Akash and Isha had been particularly visible during most of the corporate announcements related to the telecom and the retail entities for the past few years, and Mukesh had always credited his children for being the main driving force towards the group’s diversification into newage businesses. In fact, Akash had joined the board of Reliance Jio in 2014, while he was in his early twenties. In a filing to exchanges on Tuesday, Jio announced that Akash has taken over as the chairman after the board approved the decision on Monday, elevating him from the position of non-executive director. Mukesh’s resignation from Jio was also accepted with immediate effect, while group old-timer Pankaj Pawar was appointed as the MD of Jio for 5 years.
Akash had completed his schooling in Mumbai from the Dhirubhai Ambani school, and later went on to graduate from Brown University with a major in Economics.
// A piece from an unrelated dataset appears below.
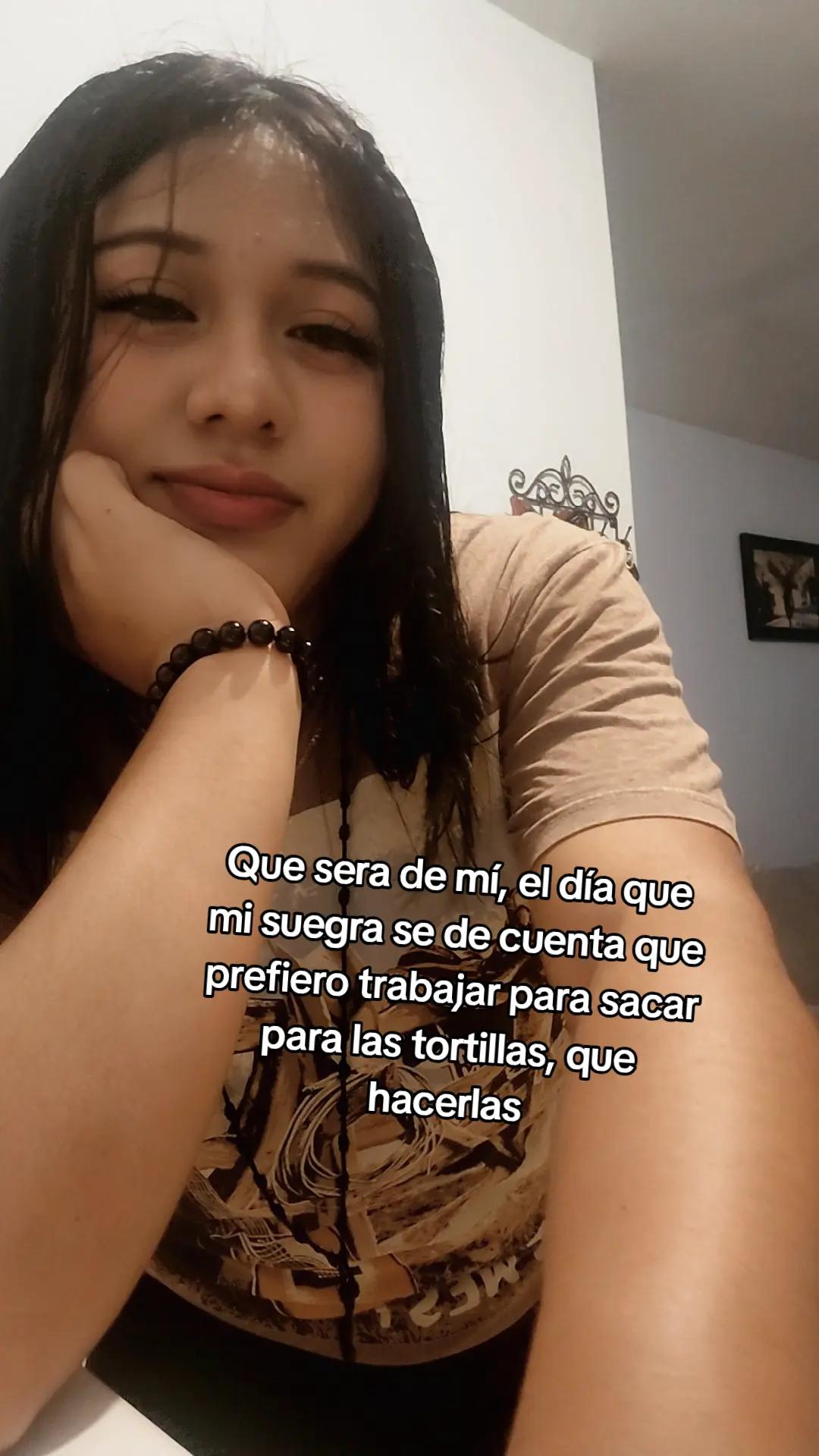 @Tania Rp😝🫶🏻🦅💋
Apart from chalking out the launch and growth strategies for the group’s expansion in telecom and retail, Akash has also been credited with the mega fund-raise in Jio Platforms in 2020, which surprisingly came in the middle of the raging pandemic as the company raised Rs 1.5 lakh cro- re (on a valuation of Rs 4.6 lakh crore) from top companies such as Facebook, Google, Intel, KKRand Silver Lake.
The period after the funding had also triggered talks around succession planning within the group, though officially the companies did not make any comments on the issue. The market had already been abuzz with a possible succession planning as official media announcements of Jio Platforms generally carried the quotes of Akash, while announcements related to retail had comments from Isha. This had triggered speculation that Isha may be groomed to head the retail business.
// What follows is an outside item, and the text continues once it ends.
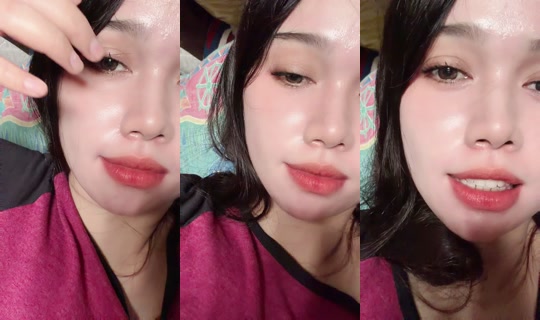 petakkkk's Live Session — Oct 15, 2026, 7:32 AM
Reliance Jio had started as afledgling telecom challenger when it began commercial operations in September of 2016, though it disrupted the entire business model of the industry as it made voice calling virtually free and led to a crash in prices of mobile data/internet.
At the close of FY22, Reliance’s digital business unit — comprising mainly of Jio — had a turnover of Rs 1 lakh crore, roughly contributing around 13% to Reliance turnover of Rs 7.9 lakh crore.